Standing on the lawn was a man well over six feet tall, with big shoulders and a big body to match his height. His hair and beard were salt-and-pepper, though he was only in his thirties. He was wearing a suit and an overcoat. He seemed oblivious to the rain, like most of the lifetime residents of Claire Lake. He looked exactly the same as the last time she saw him, after her mother died two years ago.
At that time, he’d told her she was hiring him whether she wanted to or not.

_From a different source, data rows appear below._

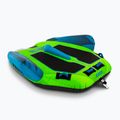JOBE Scout Towable 2P 2022 galleggiante blu/verde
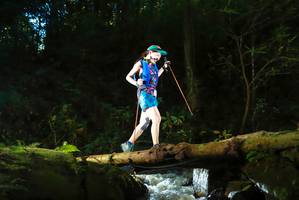 BIB: 
                            <button type="button" onclick="openModal(19059796)" class="btn btn-primary btn-sm float-right btn-popup" data-toggle="modal" data-target=".modal-high-quality">
                        <i class="fas fa-shopping-cart"></i> Add to Cart
                    </button>
                                            <button type="button" onclick="isThisMe(19059796, true)" class="btn btn-success btn-sm float-right btn-popup btn-isme hidden" data-toggle="tooltip" data-placement="bottom" title="นี่คือรูปของคุณใช่ไหม คลิกที่นี่เพื่อเอาเข้าอัลบั้ม">
                        <i class="fas fa-plus"></i> Add to album
                    </button>
                    <button type="button" onclick="isThisMe(19059796, false)" class="btn btn-warning btn-sm float-right btn-popup btn-isnotme hidden">
                        <i class="fas fa-ban"></i> Remove from album
                    </button>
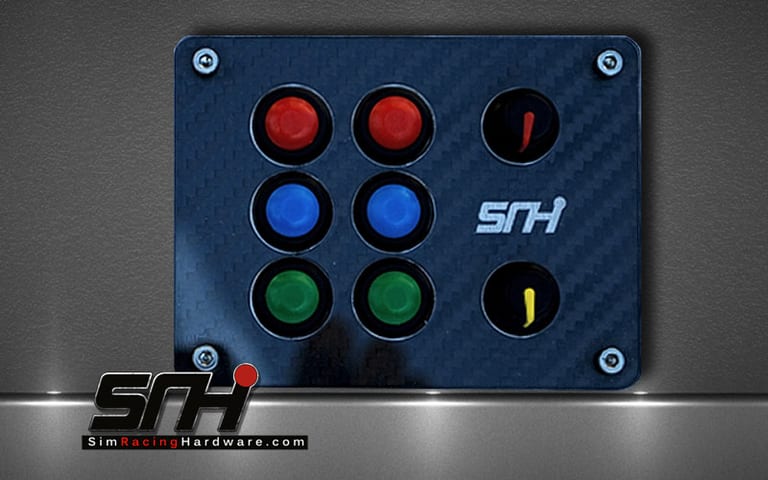 SBB1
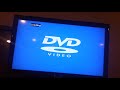 Opening To PBS Kids 20 Music Tales 2016 DVD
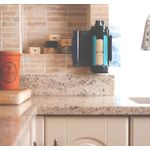 Snoap Erebus Snoap Grey Dispenser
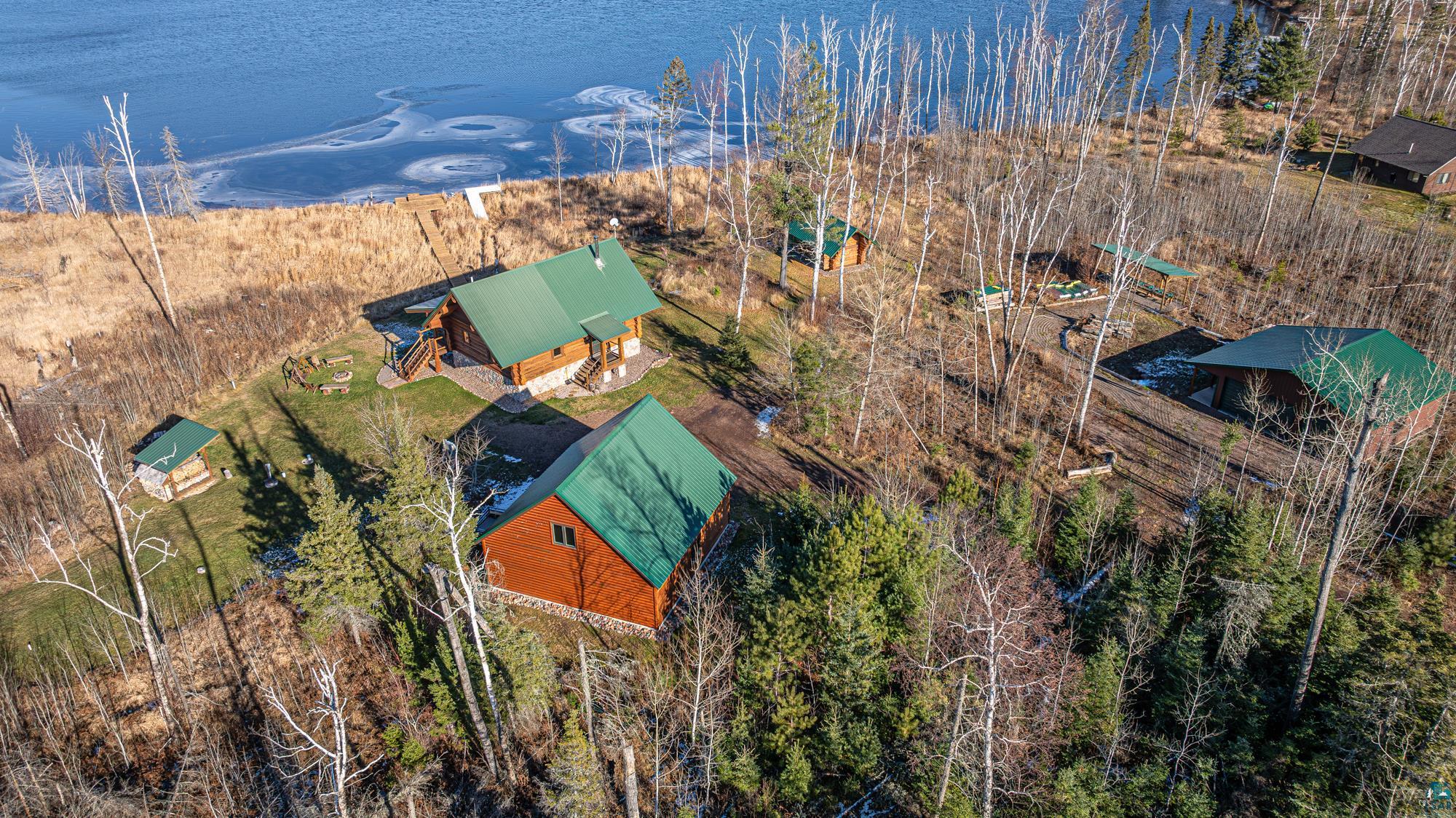 2307 N McDougal Ln, Isabella, MN 55731 Listing Photo  95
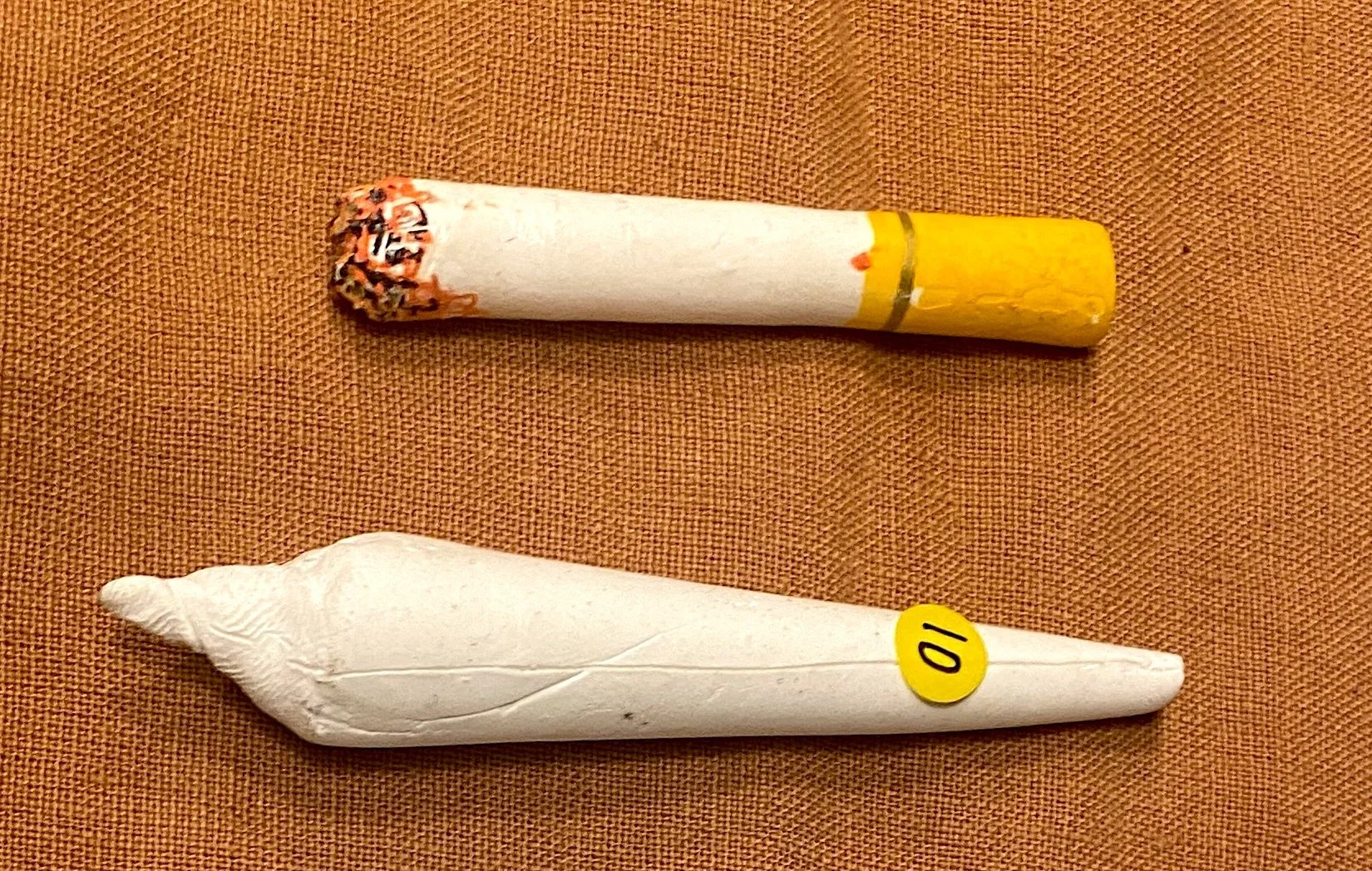 Loosies close up.jpeg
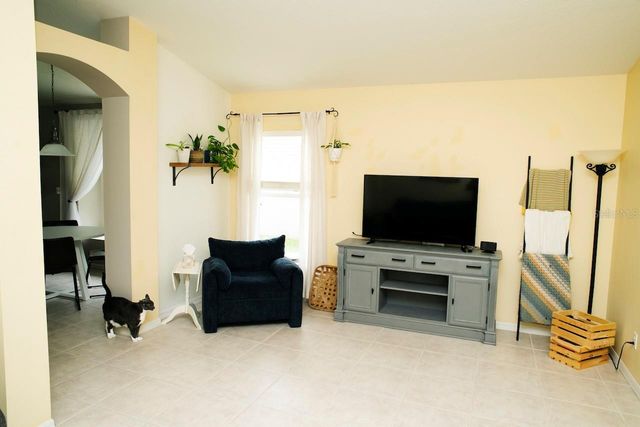 2508 ALLWOOD AVENUE, Valrico, FL 33596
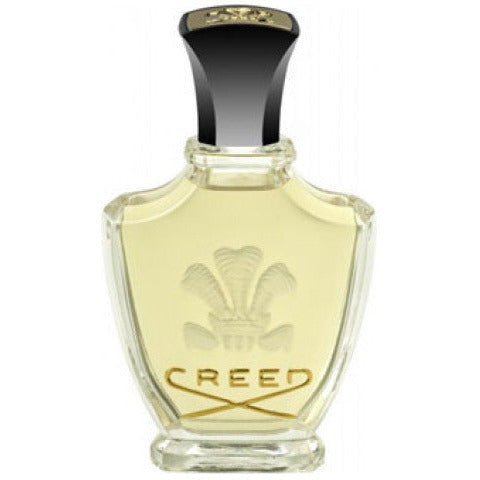 Creed Jasmin Imperatrice Eugenie 75ml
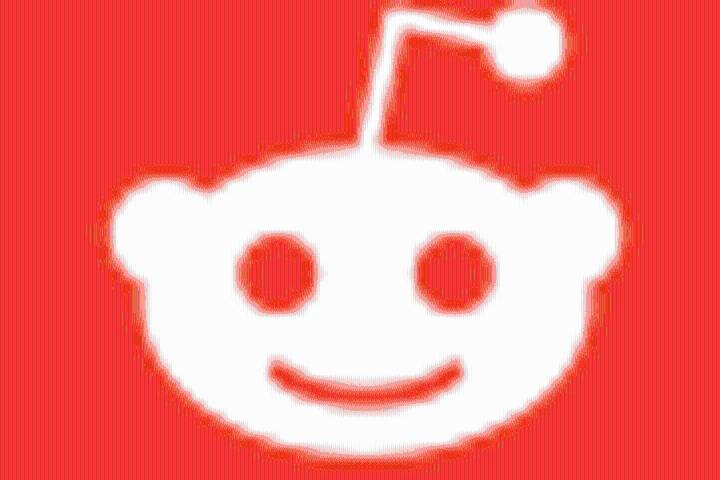 Reddit (RDDT) Stock Price Prediction 2025, 2026 & 2030: Analyst Targets & CoinCodex Forecast • Benzinga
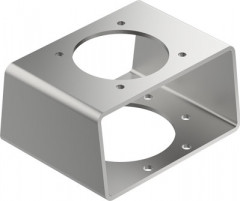 adaptateur de montage DARQ-B-F30-F25-R13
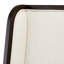 Ensemble de bureau Belmont Place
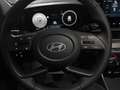 Hyundai i20 1.2 MPI Klass Gris - thumbnail 8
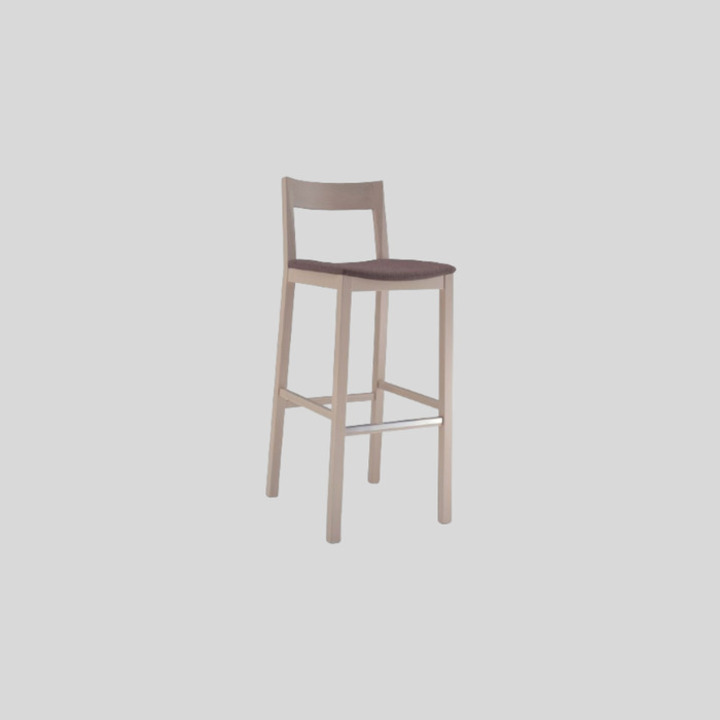 Deborah Bar Stool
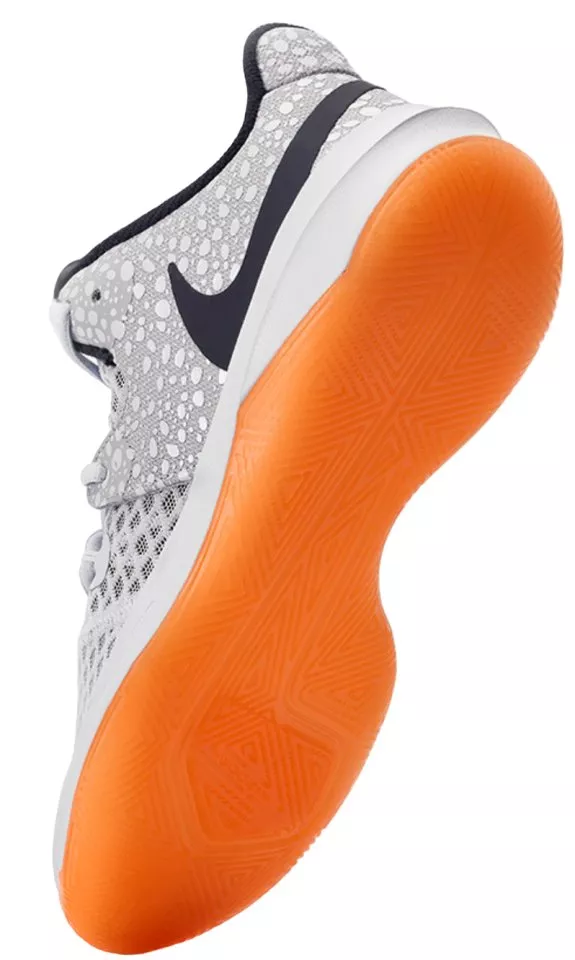 Buty indoorowe Nike ZOOM HYPERSPEED COURT SE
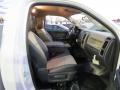2012 Ram 2500 HD ST Regular Cab Utility Truck #8 2012 Ram 2500 HD ST Regular Cab Utility Truck #8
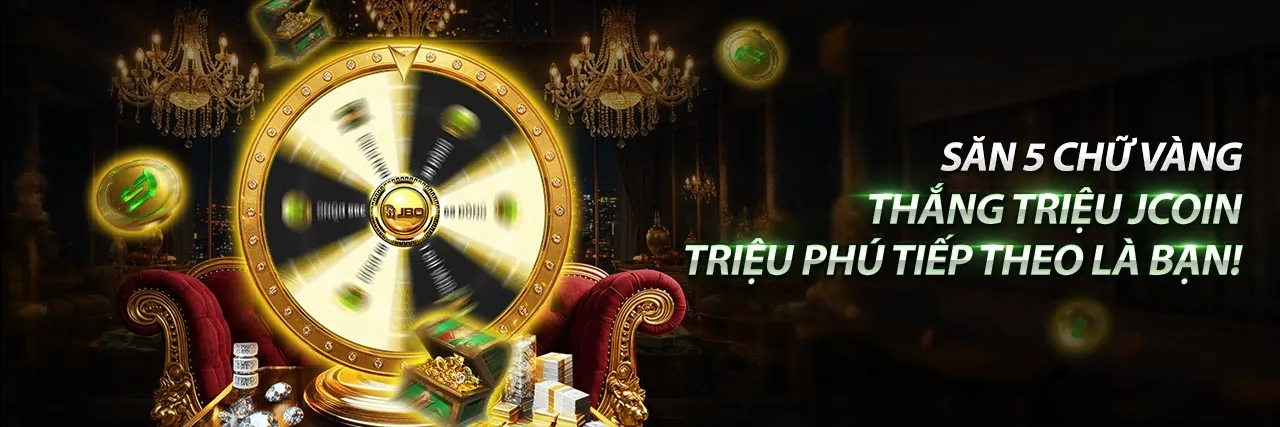 Hình ảnh nền C88 Nổ Hũ, mời gọi đăng ký tài khoản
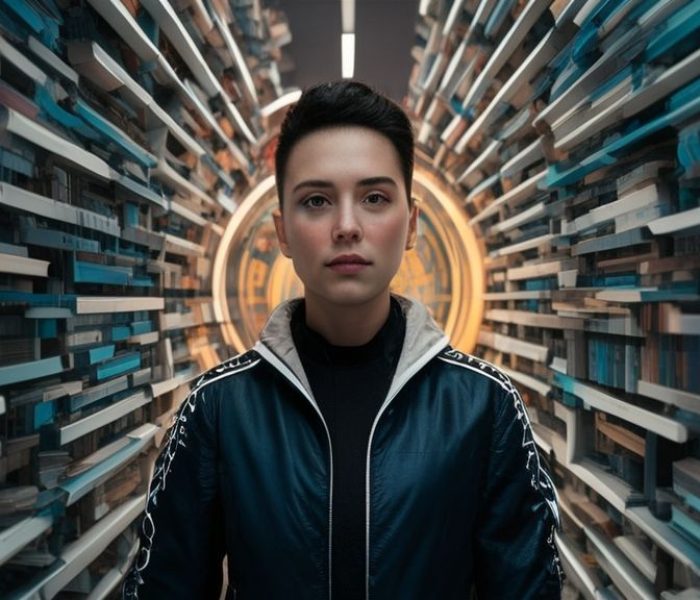 Alinhamento de Funil: Onde o Marketing Termina e Vendas Começa para Maximizar Lucros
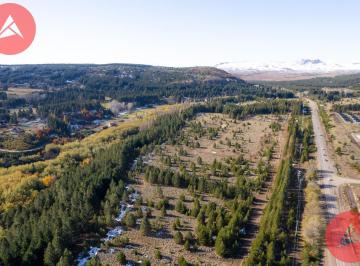 Terreno · 800m² · Terreno - Villa Vega Maipú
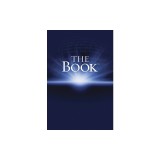 The Book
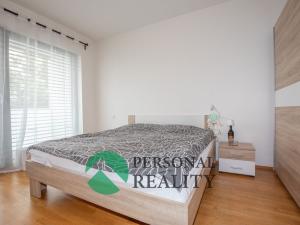 Prodej bytu 2+kk, Praha - Jinonice, Barvitiova, 52 m2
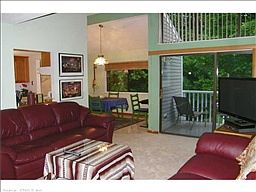 2nd image of 37 Brookwood Dr APT H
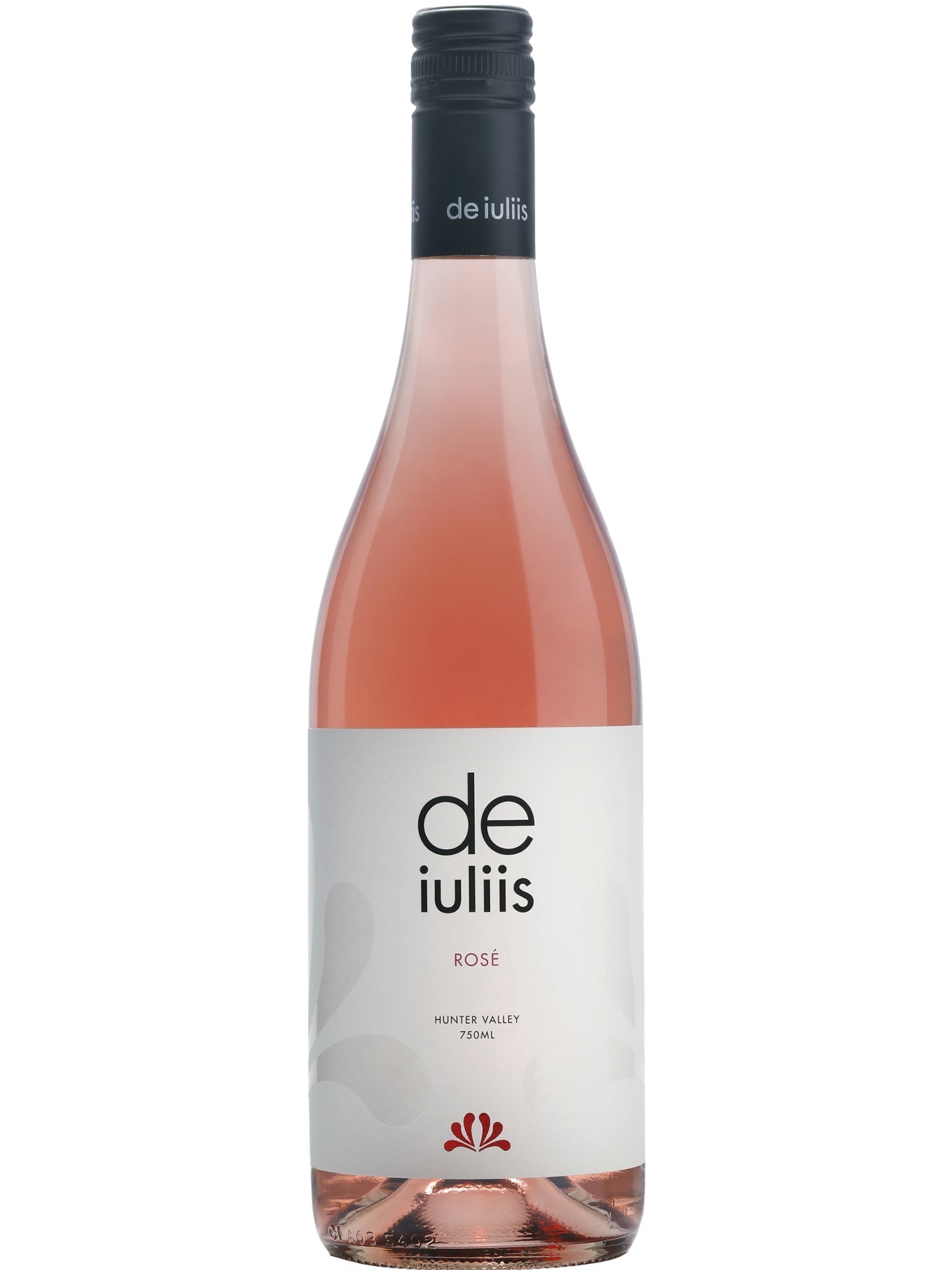 De Iuliis Rosé 12pk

I don’t need a lawyer, she’d replied.
And he’d said: You’re young, you’re beautiful, and as of now you’re alone and very rich. My dear, you need a lawyer more than anything.
“Ransom,” she said now, approaching him across the grass. “What are you doing here?”
He didn’t reply until she was standing next to him. “This is a beautiful view,” he said. “Your father always loved it.”
Beth waited. Ransom had a newspaper, now damp, folded under one arm. She tucked a windblown lock of hair behind her ear as the anger she’d felt for the reporter drained away. When Ransom had something to say, there was no power on earth that would make him say it faster.
Finally, Ransom spoke again. “I first met your father when he called me up to make an impaired driving charge go away. Did you know that? Not the most illustrious meeting.” His brows drew together as he looked at the ocean. He wasn’t a handsome man, exactly, but he was hard to look away from. “I didn’t think I’d like him, but I did. I got him off the drunk driving charge, because I’m good and that’s the way the world works. I’ve been sorry for his loss every day since he died. Literally every day. I’m as puzzled by that as you are.”